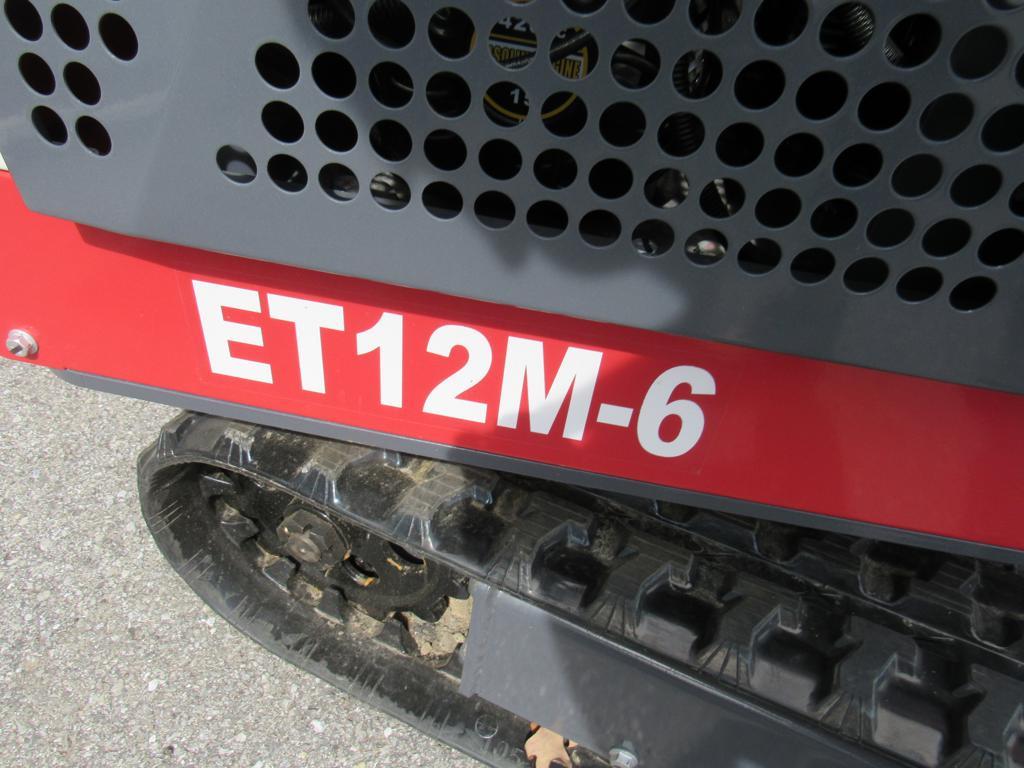 BTTL12 Mini Excavator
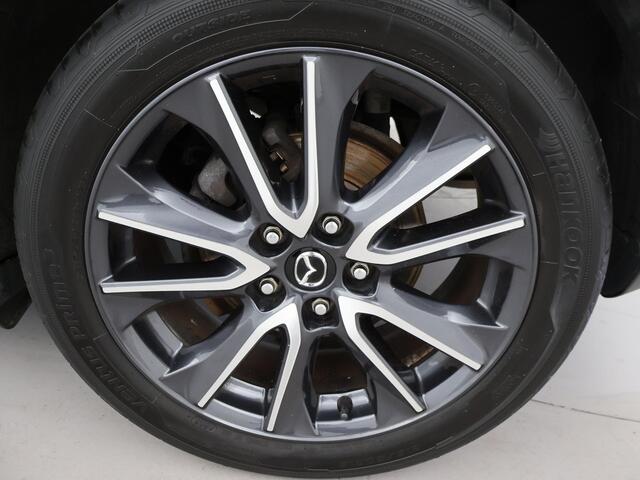 Mazda CX-3 2.0 SKY-ACTIV-G 120 GT + LEDER | TREKHAAK | CAMERA | HEAD-UP | CARPLAY | STOELVERW. | LED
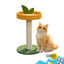 Summer Vibes Poste Rascador Fruta Naranja para gatos, , large indicador imagen numero 7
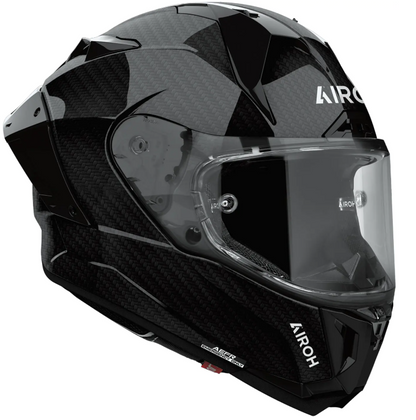Каска AIROH GP800 CARBON GLOSS
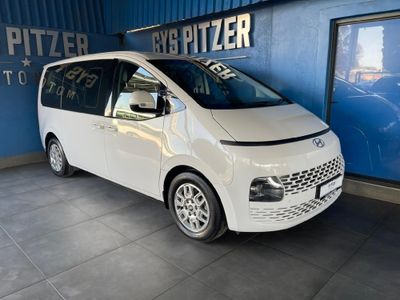2025 Hyundai Staria 2.2d Executive Auto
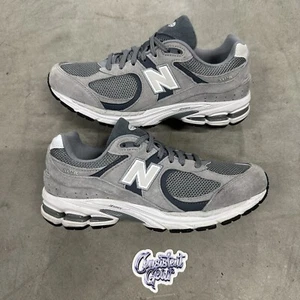 New Balance 2002R Steel Grey Orca - Size 7.5M - M2002RST (Fast Shipping) - Picture 1 of 7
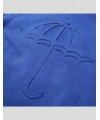 SUDADERA HÉLAS RELIEF HOODIE BLUE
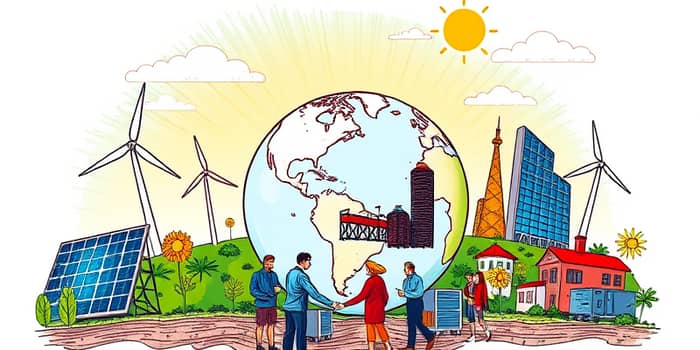 Setor de energia renovável atrai capital internacional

+===+

■ Instructions for the task:
Nothing but an exact copy is needed, covering the lines from the line with "Mazda CX-3 2.0" through the last line of the entries, pictures excluded.

■ Written reply:
 Mazda CX-3 2.0 SKY-ACTIV-G 120 GT + LEDER | TREKHAAK | CAMERA | HEAD-UP | CARPLAY | STOELVERW. | LED
 Summer Vibes Poste Rascador Fruta Naranja para gatos, , large indicador imagen numero 7
Каска AIROH GP800 CARBON GLOSS
2025 Hyundai Staria 2.2d Executive Auto
 New Balance 2002R Steel Grey Orca - Size 7.5M - M2002RST (Fast Shipping) - Picture 1 of 7
 SUDADERA HÉLAS RELIEF HOODIE BLUE
 Setor de energia renovável atrai capital internacional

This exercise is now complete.